- **What is being asked**:
Copy nothing but the lines below running from the line containing "Pre-Owned Radiographic Interpretation" through the line containing "hiritu ヒリツ バランスリペア シャンプー スムース 410ml ギフト", both end lines included.

- Opening Delimiter -

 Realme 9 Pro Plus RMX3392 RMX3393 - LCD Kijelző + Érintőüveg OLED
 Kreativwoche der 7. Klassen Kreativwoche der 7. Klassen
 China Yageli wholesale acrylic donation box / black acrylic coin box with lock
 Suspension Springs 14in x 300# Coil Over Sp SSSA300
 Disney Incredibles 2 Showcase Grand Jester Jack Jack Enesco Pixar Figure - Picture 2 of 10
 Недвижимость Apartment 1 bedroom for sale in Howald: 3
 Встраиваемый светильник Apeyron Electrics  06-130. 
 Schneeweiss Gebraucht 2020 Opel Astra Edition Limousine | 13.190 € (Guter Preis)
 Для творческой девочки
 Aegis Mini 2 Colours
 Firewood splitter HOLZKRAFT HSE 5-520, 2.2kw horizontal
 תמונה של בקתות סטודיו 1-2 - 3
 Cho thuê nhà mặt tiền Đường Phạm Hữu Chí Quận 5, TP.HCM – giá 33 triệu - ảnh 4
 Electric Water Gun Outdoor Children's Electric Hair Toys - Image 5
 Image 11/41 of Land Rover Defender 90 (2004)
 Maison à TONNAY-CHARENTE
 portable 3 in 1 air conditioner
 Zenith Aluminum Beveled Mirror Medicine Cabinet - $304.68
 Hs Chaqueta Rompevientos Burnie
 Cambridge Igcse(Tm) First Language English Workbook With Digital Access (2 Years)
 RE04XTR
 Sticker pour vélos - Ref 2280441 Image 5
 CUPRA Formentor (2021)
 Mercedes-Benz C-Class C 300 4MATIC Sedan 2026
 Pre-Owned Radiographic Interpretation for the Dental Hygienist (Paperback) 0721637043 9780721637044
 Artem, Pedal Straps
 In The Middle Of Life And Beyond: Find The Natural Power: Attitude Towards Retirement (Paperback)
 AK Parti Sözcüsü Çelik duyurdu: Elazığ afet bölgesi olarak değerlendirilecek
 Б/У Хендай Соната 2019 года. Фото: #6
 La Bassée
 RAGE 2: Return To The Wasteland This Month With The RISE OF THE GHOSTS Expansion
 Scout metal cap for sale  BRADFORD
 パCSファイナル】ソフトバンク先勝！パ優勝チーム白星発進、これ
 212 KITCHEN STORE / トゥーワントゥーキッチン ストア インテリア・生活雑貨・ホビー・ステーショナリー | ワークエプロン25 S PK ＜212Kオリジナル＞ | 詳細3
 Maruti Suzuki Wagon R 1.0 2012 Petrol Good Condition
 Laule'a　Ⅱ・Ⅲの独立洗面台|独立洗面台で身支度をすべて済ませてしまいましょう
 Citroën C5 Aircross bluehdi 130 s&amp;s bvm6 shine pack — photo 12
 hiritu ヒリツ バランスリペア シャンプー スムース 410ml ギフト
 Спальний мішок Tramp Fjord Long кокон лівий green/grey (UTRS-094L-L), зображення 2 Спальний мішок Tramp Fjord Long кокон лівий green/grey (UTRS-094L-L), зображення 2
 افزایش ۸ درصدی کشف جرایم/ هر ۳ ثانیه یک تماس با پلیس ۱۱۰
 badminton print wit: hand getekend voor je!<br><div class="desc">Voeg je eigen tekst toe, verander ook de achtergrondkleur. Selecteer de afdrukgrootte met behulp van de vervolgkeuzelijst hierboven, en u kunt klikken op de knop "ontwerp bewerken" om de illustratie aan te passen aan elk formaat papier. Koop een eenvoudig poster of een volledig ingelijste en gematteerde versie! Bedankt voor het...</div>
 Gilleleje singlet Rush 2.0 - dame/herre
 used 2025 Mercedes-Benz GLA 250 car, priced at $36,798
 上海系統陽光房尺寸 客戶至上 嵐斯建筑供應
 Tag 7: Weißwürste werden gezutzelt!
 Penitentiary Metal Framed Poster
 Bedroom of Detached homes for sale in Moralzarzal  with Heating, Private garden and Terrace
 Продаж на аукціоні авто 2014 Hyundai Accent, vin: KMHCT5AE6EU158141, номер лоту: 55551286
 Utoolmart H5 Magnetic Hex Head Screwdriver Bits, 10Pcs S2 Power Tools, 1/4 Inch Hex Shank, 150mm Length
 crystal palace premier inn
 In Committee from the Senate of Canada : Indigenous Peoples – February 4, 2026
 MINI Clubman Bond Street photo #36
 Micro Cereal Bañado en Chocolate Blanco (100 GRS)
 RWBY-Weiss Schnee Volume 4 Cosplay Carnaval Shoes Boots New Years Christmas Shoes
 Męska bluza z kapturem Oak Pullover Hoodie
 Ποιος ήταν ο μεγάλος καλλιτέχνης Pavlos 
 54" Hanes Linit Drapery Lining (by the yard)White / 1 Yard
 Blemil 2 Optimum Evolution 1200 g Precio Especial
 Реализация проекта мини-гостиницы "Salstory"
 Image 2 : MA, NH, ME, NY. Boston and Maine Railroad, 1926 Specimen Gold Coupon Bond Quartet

- Closing Delimiter -

- **Solution to this problem**:
 Pre-Owned Radiographic Interpretation for the Dental Hygienist (Paperback) 0721637043 9780721637044
 Artem, Pedal Straps
 In The Middle Of Life And Beyond: Find The Natural Power: Attitude Towards Retirement (Paperback)
 AK Parti Sözcüsü Çelik duyurdu: Elazığ afet bölgesi olarak değerlendirilecek
 Б/У Хендай Соната 2019 года. Фото: #6
 La Bassée
 RAGE 2: Return To The Wasteland This Month With The RISE OF THE GHOSTS Expansion
 Scout metal cap for sale  BRADFORD
 パCSファイナル】ソフトバンク先勝！パ優勝チーム白星発進、これ
 212 KITCHEN STORE / トゥーワントゥーキッチン ストア インテリア・生活雑貨・ホビー・ステーショナリー | ワークエプロン25 S PK ＜212Kオリジナル＞ | 詳細3
 Maruti Suzuki Wagon R 1.0 2012 Petrol Good Condition
 Laule'a　Ⅱ・Ⅲの独立洗面台|独立洗面台で身支度をすべて済ませてしまいましょう
 Citroën C5 Aircross bluehdi 130 s&amp;s bvm6 shine pack — photo 12
 hiritu ヒリツ バランスリペア シャンプー スムース 410ml ギフト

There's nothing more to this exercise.